И неподвижно, словно на портрете,

Всё тяжелей сидит на табурете,

И всё молчит, не двигаясь никак.

 

Легенда о пьющем по-чёрному богемном поэте – полумудреце-полуюродивом, эдаком Венечке Ерофееве, явившем себя миру едва не за пару десятилетий до публикации «Москвы–Петушков» – прилипла к Горбовскому на всю оставшуюся жизнь. Когда он двадцать лет («девятнадцать лет и восемь месяцев» – не преминул бы уточнить Глеб Яковлевич) капли не брал в рот – Горбовскому повадились ставить в вину, что он «кончился», «иссяк», стал «посредственным советским поэтом». То, что у этого «посредственного советского поэта» в 1968-году (сильно задолго до скандала с «МетрОполем») 50-тысячный тираж уже отпечатанной книжки «Тишина» пустили под нож – прошло как-то мимо истории цензурных притеснений вольной поэзии в СССР.

Причина проста: сработал по сей день актуальный механизм тусовки, делящий пишущих по принципу «наш» / «не наш». Непьющий, обретший опору в Церкви Горбовский был немедля прописан по ведомству махровых «деревенщиков» – по умолчанию подразумевалось, что таким образом он едва ли не «продался системе», «предал» идеалы неподцензурной словесности. Но у многих ли – простодушно вопрошу – из самых отчаянных борцов с режимом тираж сборника «тихой лирики», в которой ни грана диссидентских стихов в помине не отыщешь, громили всей мощью марксистско-ленинской критики и изничтожали на корню? Не по факту эмиграции автора (это дело привычное) – а просто в рамках вялотекущего литпроцесса… То-то…

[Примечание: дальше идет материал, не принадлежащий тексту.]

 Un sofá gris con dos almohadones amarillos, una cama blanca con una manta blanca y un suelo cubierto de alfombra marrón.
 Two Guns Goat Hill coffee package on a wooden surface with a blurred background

Вот и в откликах на уход поэта парадоксальным образом срабатывает тот же механизм советской критики: деления на «наших» / «не наших». За Горбовским признаётся статус «живой легенды» в лихой бесшабашной юности (а куда денешься: слишком заметная фигура, вычеркнуть или подвергнуть умолчанию не получится) – а всё его последующее, более чем полувековое творчество, предлагается считать эдаким необязательным довеском к «Фонарикам» и «У павильона “Пиво-воды”…»

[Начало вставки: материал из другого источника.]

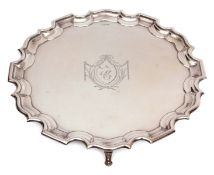 George V plain small silver waiter of circular form with |Chippendale| edge and supported on four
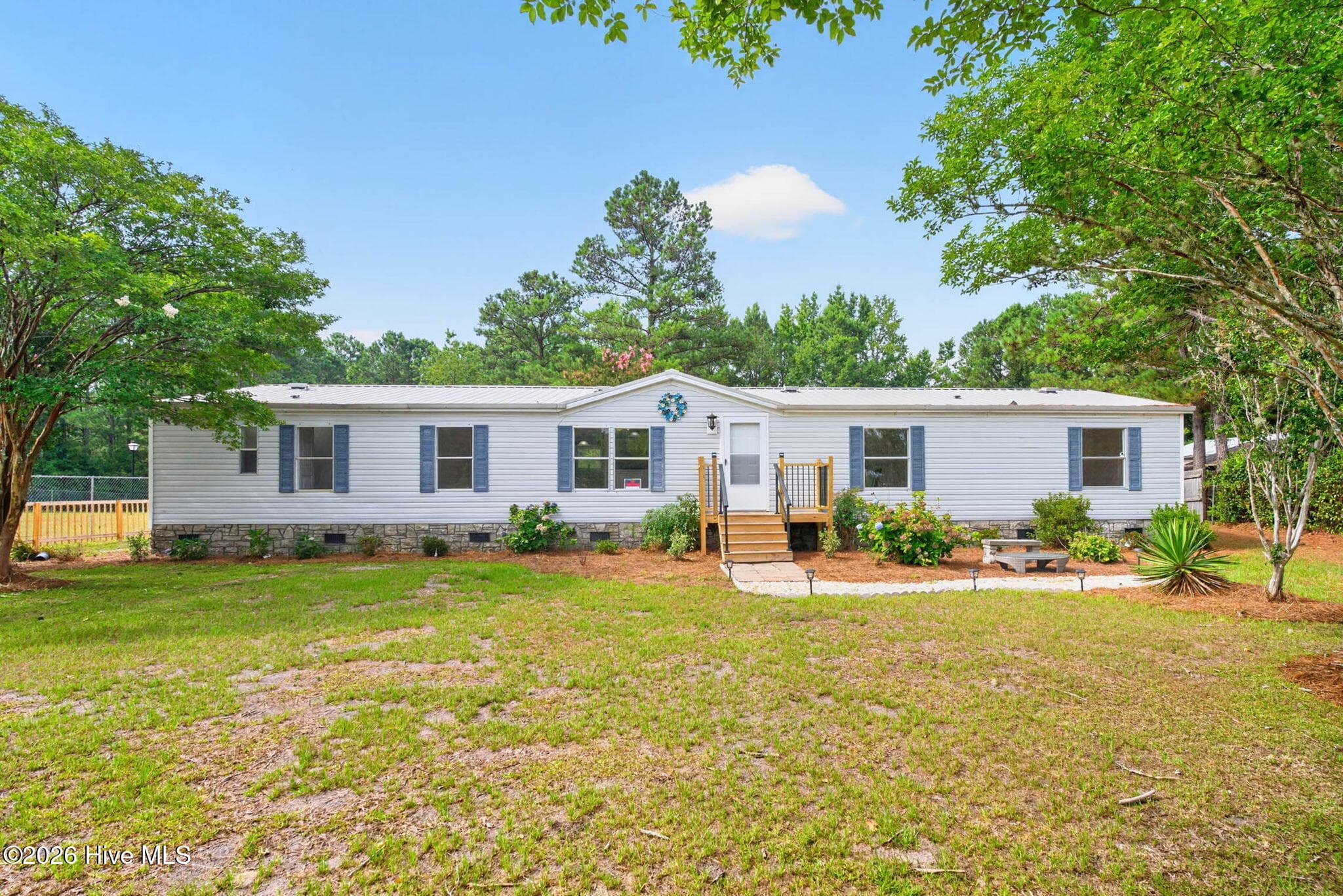 Beautifully renovated 4-bedroom home situated on a spacious, landscaped 0.57-acre lot with inviting curb appeal, mature trees, and a welcoming front porch. - 1199 Zack Street SE, Bolivia, NC 28422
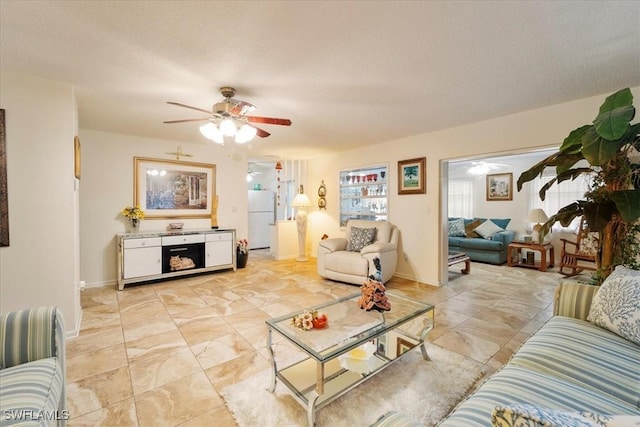 living room with ceiling fan and a textured ceiling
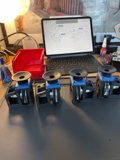 Four small machines on a table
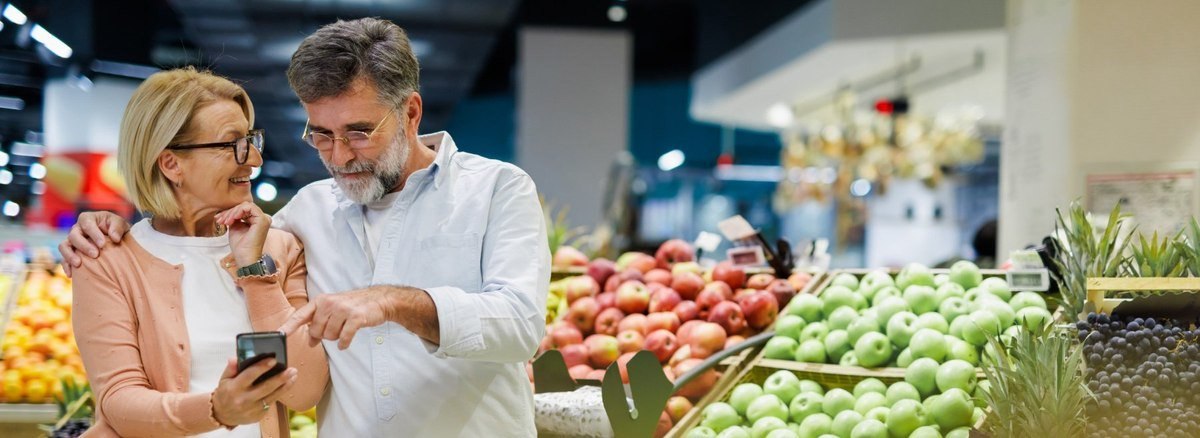 Coppia senior al supermercato con cellulare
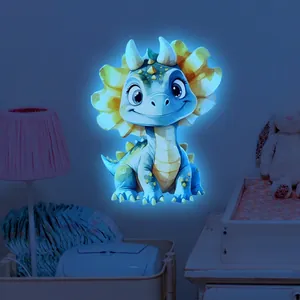 Luminous blue and yellow cartoon dinosaur wall sticker glowing in a cozy nursery room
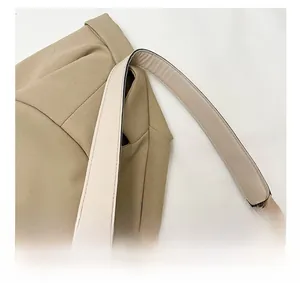 Détail d'un sac à bandoulière en toile kaki avec poignées rondes et sangle large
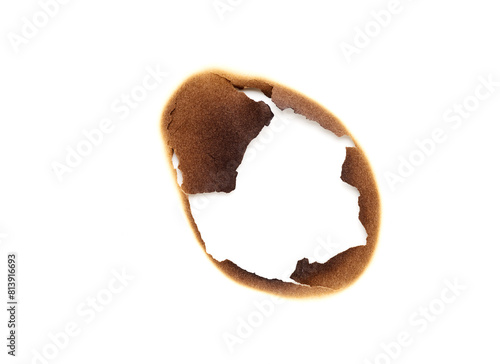 Hole in paper surface. Burned effect background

Каюсь, сам долгие годы относился к Глебу Яковлевичу именно в таком ключе. Мозги прочистил Битов (теперь тоже ушедший). Андрей Георгиевич неизменно считал Горбовского не только своим «учителем» – но и одним из самых живых, самых сильных, подлинных поэтов нашего времени. Мерилом литературного вкуса и совести. Из почтения к мэтру взялся перечитать – в хронологическом порядке, большим массивом – стихи Горбовского, и впрямь был поражён. Начнём с того, что Горбовский – один из немногих в поздней нашей словесности второй половины ХХ века поэтов с реальной биографией. Арест отца в 1937-м, бродяжничание по оккупированной немцами Прибалтике, где за украденную с огородов картошку и пристрелить могли, послевоенные тюремные нары, побег из колонии, три года стройбата (из которых едва ли не треть провёл на гауптвахте), а потом ещё и долгие годы изнурительного, чёрного физического труда – впрямь, покруче и сравнительно вегетарианской ссылки Бродского, и большинства прочих сокрушительных столкновений частной жизни с советской системой.

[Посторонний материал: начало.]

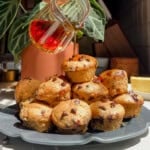 A stack of mini chocolate chip pancake bits on a dark plate, with syrup being poured over them. Theres a green plant and natural sunlight in the background.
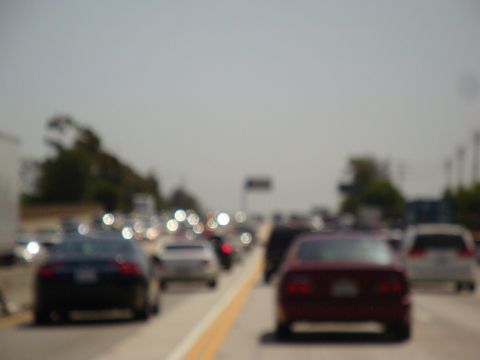 1995 Ford Taurus - A highway scene with multiple vehicles in traffic under a bright, hazy sky.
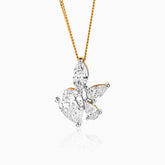 Diamond butterfly pendant on gold chain with multiple teardrop-shaped stones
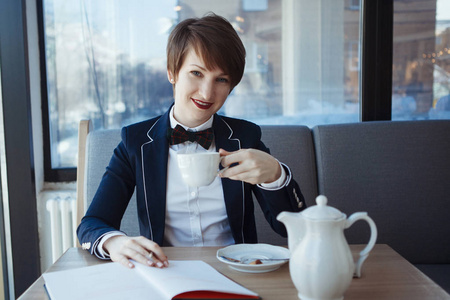 年轻的商业妇女在西装与弓领带是喝茶和阅读一本书在午休时间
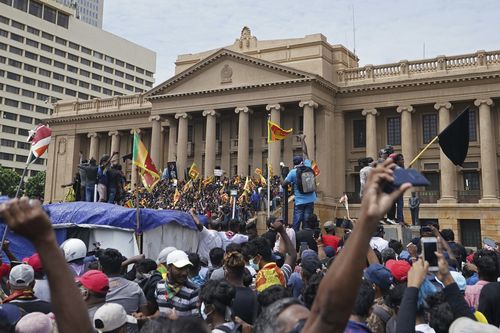 Des manifestants, dont beaucoup portent des drapeaux sri-lankais, se rassemblent devant le bureau du président à Colombo, Sri Lanka, le samedi 9 juillet 2022 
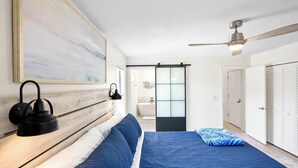A bedroom with a bed, a ceiling fan, a wall-mounted lamp, and a sliding door leading to a bathroom. - 3BR Coastal Home Near Beach w/ Fire Pit (St. Augustine)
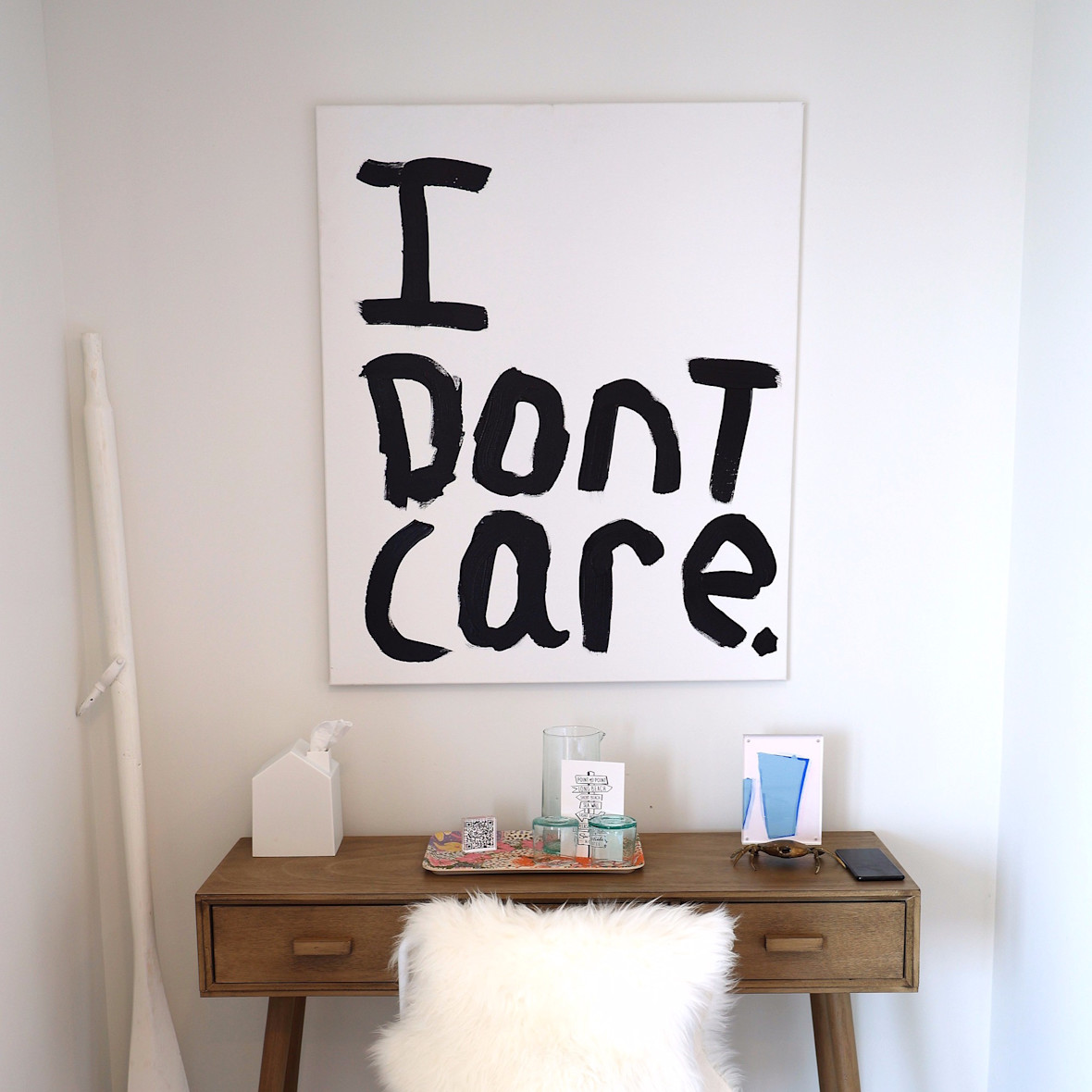 Desk with large 'I don't care' mounted print on wall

В отличие от упавшего на снег постового из ранних стихов, Горбовский так и не «вышел родом из народа» – т.е. не стал «властителем дум», частью просвещённой интеллигенции, культурной «элиты». Он предпочёл оставаться неотъемлемой частицей собственного народа. Мало кому из пишущей братии подобное (без карнавальных, либо идеологических кунштюков) удавалось.

Перечитывая Горбовского конца 50-х, я буквально содрогался тщательным, каким-то потусторонним и беспощадным смакованием замогильной тематики:

 

Встают мертвяки на зарядку,

Тряхнув чернозём из глазниц,

Сгибая скелеты вприсядку,

Пугая кладбищенских птиц...

 

Хрен у кого из «проклятых поэтов» такое найдёшь! Автору на момент написания ещё 25-ти лет стукнуло. И как, спрашивается, жить дальше, нося подобное в душе? Наиболее лёгкий и естественный выход – алкоголизм – являлся, по сути, пролонгированной формой самоубийства. Судьба Есенина, уход из жизни Николая Рубцова и Анатолия Прасолова – достаточный повод, чтобы задуматься и отшатнуться в ужасе. По счастью, Глеб Яковлевич сумел удержаться на краю. Спас не только собственную жизнь, но и душу живую – увы, заплатив за это «литературной репутацией». Пользуясь нынешним пошлым мемом, «испортил себе некролог». Увы, давнее выражение Кизеветтера у нас на глазах обрастает новым пугающим смыслом именно в откликах на уход Глеба Горбовского. Стремление даже в жанре некролога произвести деконструкцию легенды, свести всё творчество живого, неустанно работавшего автора к нескольким годам и текстам его забубённой юности, перечеркнув свыше полувека последующего неустанного труда – не то только человечески постыдно, но и попросту непрофессионально.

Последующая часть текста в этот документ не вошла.